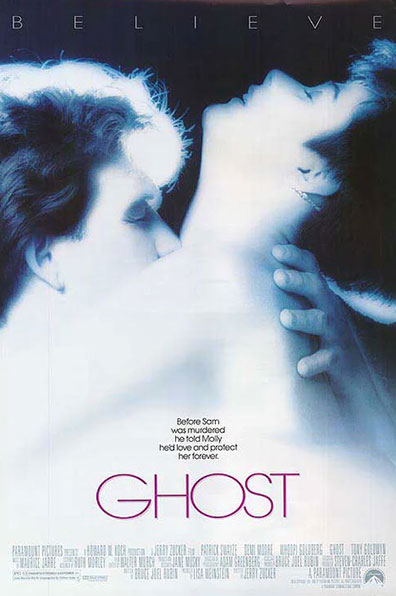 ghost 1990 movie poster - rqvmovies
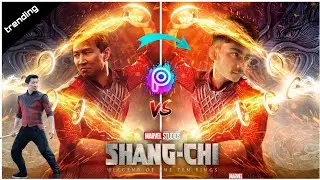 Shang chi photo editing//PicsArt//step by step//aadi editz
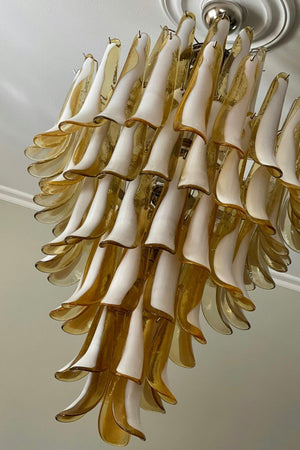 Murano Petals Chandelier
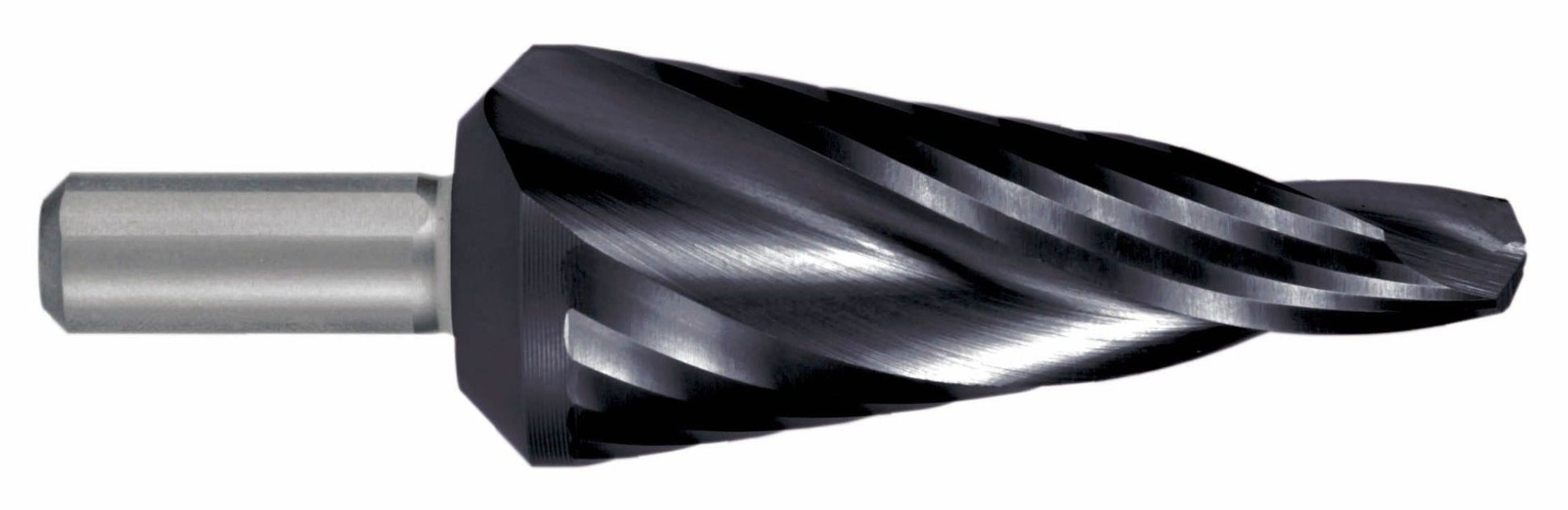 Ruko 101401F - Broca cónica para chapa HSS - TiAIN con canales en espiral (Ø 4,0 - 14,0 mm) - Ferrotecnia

-------------------------

PROBLEM DESCRIPTION
All of the data above must be printed exactly, minus its pictures.

TASK ANSWER
 ghost 1990 movie poster - rqvmovies
 Shang chi photo editing//PicsArt//step by step//aadi editz
 Murano Petals Chandelier
 Ruko 101401F - Broca cónica para chapa HSS - TiAIN con canales en espiral (Ø 4,0 - 14,0 mm) - Ferrotecnia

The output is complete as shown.